Pennsylvania’s capital city of Harrisburg should pursue negotiations with stakeholders to work out repayment of its outstanding debt before resorting to filing for bankruptcy.
That’s the advice from Cravath, Swaine, and Moore LLP in a 258-page report that analyzes the cash-strapped city’s options for meeting its fiscal challenges.
Harrisburg failed to make $63 million of debt service payments on bonds that it guaranteed to pay for an incinerator, including $16.8 million to replenish debt-service reserve funds, according to a debt report compiled by Alvarez & Marsal LLC and included in Cravath’s analysis. Cravath pegs the total outstanding incinerator debt at $242 million.
Investors have been paid, in full, from debt service reserve funds and payments from co-gaurantor Dauphin County and Assured Guaranty Municipal Corp., insurer of the bonds. The county and AGM are looking to recoup $42 million and $4 million, respectively, that they paid thus far to owners of the incinerator debt and have filed suit against the city and the Harrisburg Authority, issuer of the bonds.
Some officials have pushed for a bankruptcy filing to ease the city’s debt woes. Harrisburg also faces structural deficits and is in the state’s distressed municipalities program, called Act 47.
While the threat of a Chapter 9 filing can help the city persuade Dauphin County, AGM, and bond trustees to craft an alternative repayment plan, Harrisburg should try and forge a compromise with those parties before seeking Chapter 9, according to the Cravath report.
“An immediate move to Chapter 9 is unlikely to address the city’s financial problems successfully unless the city has first made a good-faith attempt to negotiate a consensual agreement,” the report said. “Therefore, whatever role Chapter 9 may have in the city’s future, the Act 47 process and attempts to negotiate a consensual agreement with stakeholders must take center stage for now.”

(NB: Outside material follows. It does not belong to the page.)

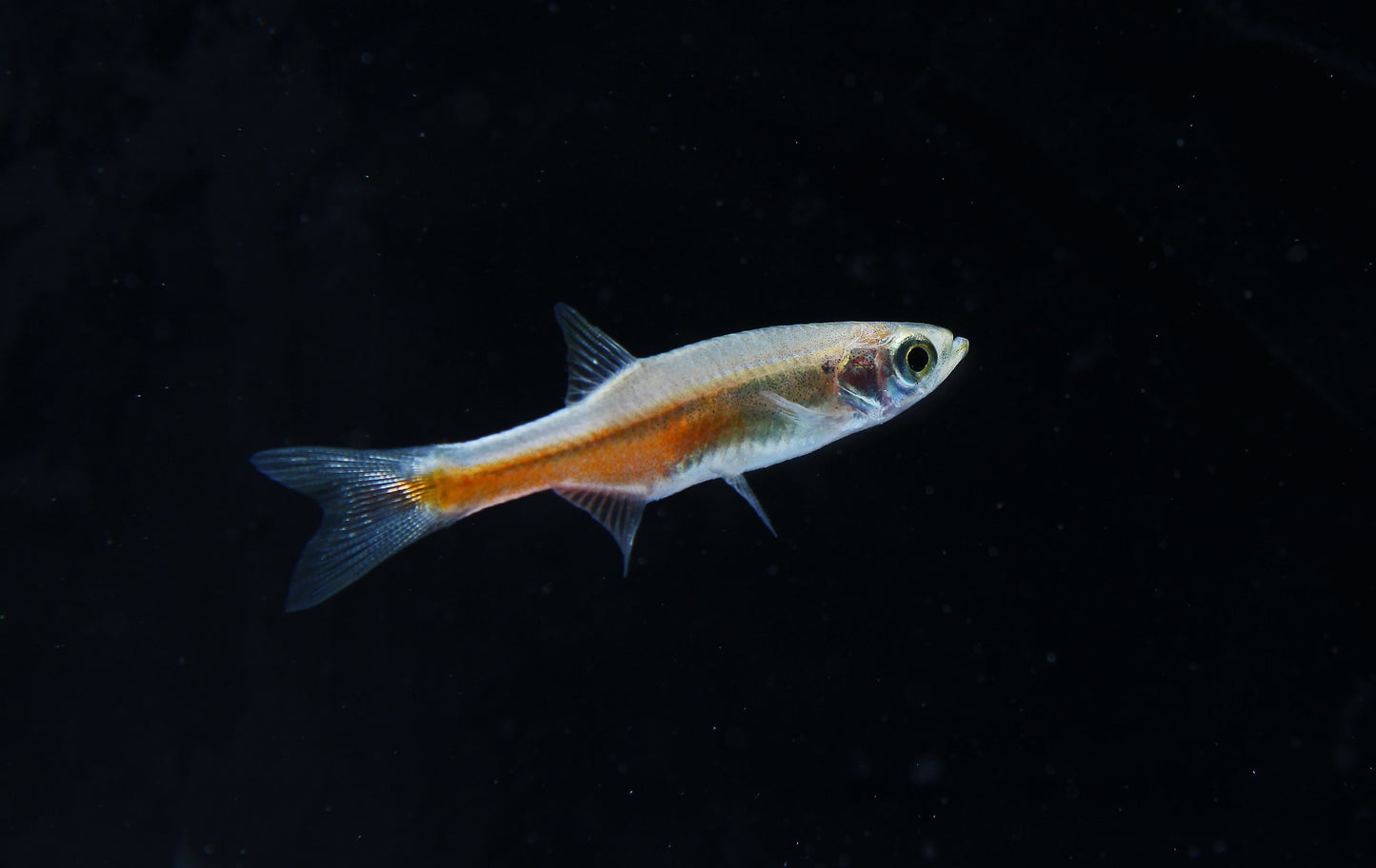 Fireline Danio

One strategy is for the city to enter its parking assets into a long-term lease agreement for an up-front payment and for Harrisburg to also sell its incinerator. The Lancaster County Solid Waste Management Authority last month announced that it would pay $45 million for the incinerator and would charge lower tipping fees in the future.
A parking concession agreement could net a profit of $111 million after parking revenue bonds are defeased. The proceeds, along with the $45 million, could pay off past-due debts and cut the outstanding incinerator bonds down to $150 million. The city could then refinance the $150 million over 15 years at a rate of 4.2%, Alvarez & Marsal said. But the city would still need to find nearly $15 million annually to cover debt-service costs on the remaining bonds, as it would no longer have incinerator revenue to help pay down the debt.
An alternative plan that does not include selling the incinerator would leave $195.5 million of its bonds outstanding to be refinanced over 15 years at a rate of 4.2%. Harrisburg would then have $6 million of debt-service costs each year that is must address even after applying incinerator revenue towards the debt.
Other fiscal initiatives for Harrisburg include additional spending cuts in the city’s operations, improved tax collections, increasing property and/or income taxes, imposing a commuter tax, and refinancing outstanding city general obligation debt and water revenue debt for savings, according to the Cravath report.
Cravath Swaine and Alvarez & Marsal are both advising the City Council on a pro-bono basis. Cravath represents the New York City Off-Track Betting Corp. in its Chapter 9 filing.